Saturday 8 March 2014

Nairobi Should not be Held hostage by Touts




Kenyans seem to have a collective problem and that is IGNORANCE. Granted, being ignorant is not necessarily a bad thing; I am happily ignorant of what cocaine “high” feels like, and I don’t want to know. It’s a fact that there are some things on this planet you would much rather never know about, but certainly the LAWS of your country do not fall under that category.
Dr. Evans Kidero really is a man under siege. You would think, given the sort of chaos that erupted on 5th March in the public transport sector, that he was a person who is unreasonable, a bully and an oppressive dictator who woke up one day and decided to impose a 200% increase in parking fees overnight. Certainly, that is the message that the public service operators (PSV), SACCOs and touts were sending; that they were compelled to protest, to disrupt transportation and to force thousands of Kenyans including myself, to walk to work.
My legs have recovered from the trek, which turned out to be an unnecessary exercise even though it may have been much needed. These PSV operators chose to hold the whole city hostage instead of adhere to rulings on their own petition 486 of 2013 in which the court found that the Nairobi Governor and county government had indeed consulted the public before increasing fares and instituting other measures that the PSV operators were protesting about.

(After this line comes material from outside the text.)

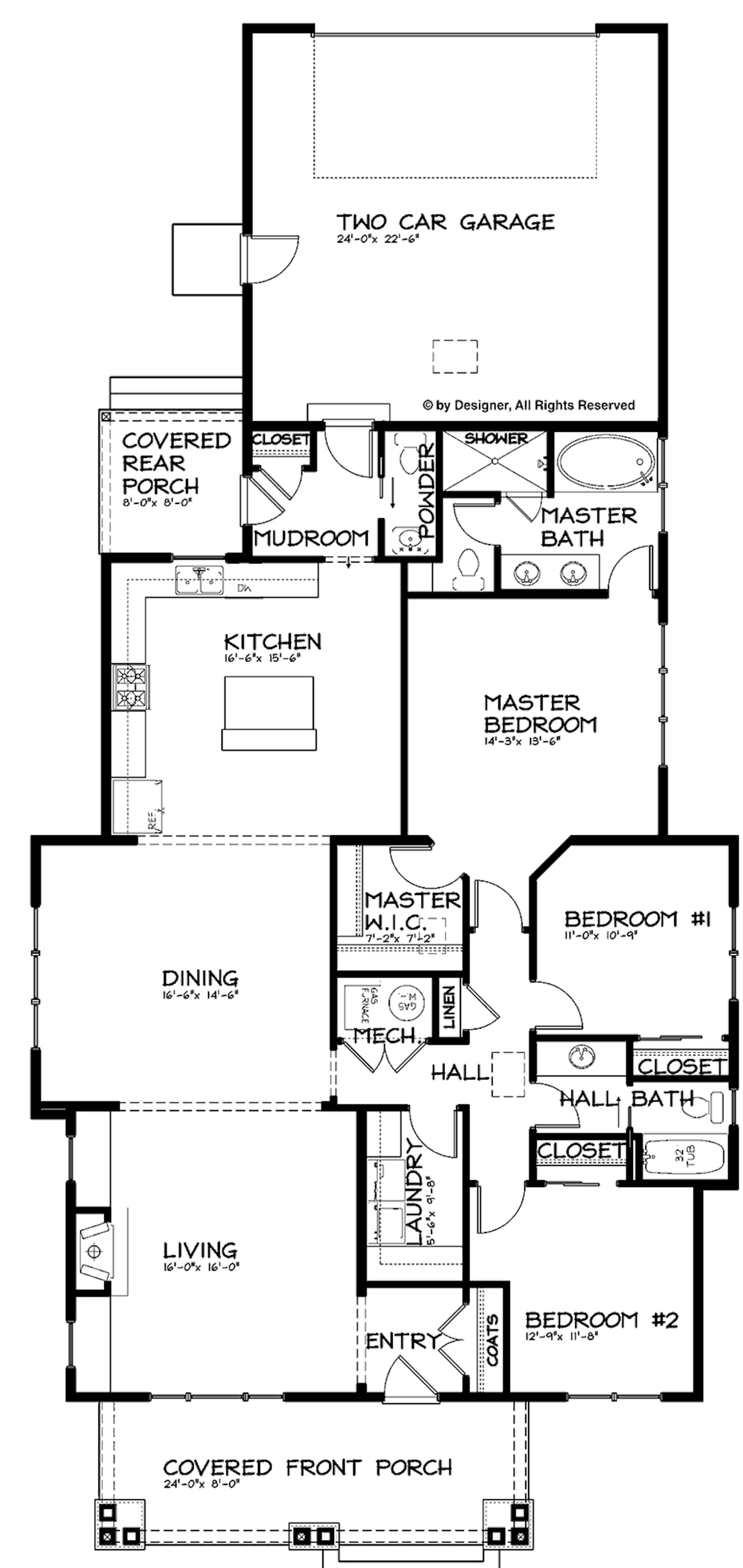 Home plan for Aug. 23, 2015: Bungalow lives large on a narrow lot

Somewhere along the way, the general public was held for ransom by corrupt PSV operators whose sole intention was BLACKMAIL. Their view was simple; if the court cannot rule in their favor then they can easily disrupt public transportation and create chaos until the county government does exactly what they want.
The last time these PSV operators did something similar that was equally illegal, barbaric and an attempt at blackmail was back in 2003, when the government instituted new transportation laws better known as “Michuki rules”. Simply because the government, for the first time in the history of Kenya, showed some superficial concern for the lives of passengers and implemented rules on the provision of safety belts and speed governors, the PSV operators decided that all commuters in Kenya should walk to work. For 3 days, Kenyans valiantly walked, 3 days of excessively exercising previously sedentary legs, only for the PSV operators to balk and realize that they live hand to mouth and need to pay their rent.
This is the curse of ignorance. It doesn’t matter for how long PSV operators decide to strike, at the end of the day; they are the ones who are disrupting their OWN businesses. We are simply passengers; our sole investment in commuting is by virtue of the need to get to work without being exhausted. So deciding that the best response to a ruling on parking fees is to disrupt your OWN businesses and bring chaos will only inconvenience thousands of people for a few hours and then you will have to get back to earning your daily bread, which is what happened.
I think Dr. Kidero was being rather magnanimous by negotiating. He certainly was in a really compassionate mood when he decided to do that. If John Michuki was governor of Nairobi this week I assure you that we would still be walking to work 3 weeks later. So in a sense, I am grateful to Evans Kidero for agreeing to sit down and work things out with PSV operators.
As for the argument that the Nairobi County government did not engage the public adequately prior to enactment of the new laws concerning parking fees, it’s clear that ignorance caused PSV operators and their umbrella bodies to miss the SEVERAL gazette notices and advertisements put into the newspapers asking the public to attend forums in which the legislation, fees and implementation procedures were discussed.
It’s been 4 years since the Constitution was promulgated, isn’t it time that we all read it and internalized the various rights, privileges and responsibilities accorded to us? It’s not up to Dr. Evans Kidero to make a speech on TV each time the county government asks the public to engage in participatory forums. Actually, it is the citizens DUTY to seek to participate in governance issues at the county level as is mandated by the Kenya constitution article 10 and article 174. It may be a Kenyan thing to be ignorant, but to be ignorant of your own duties and then to run riot when you are left out of governance process is a sign of plain idiocy.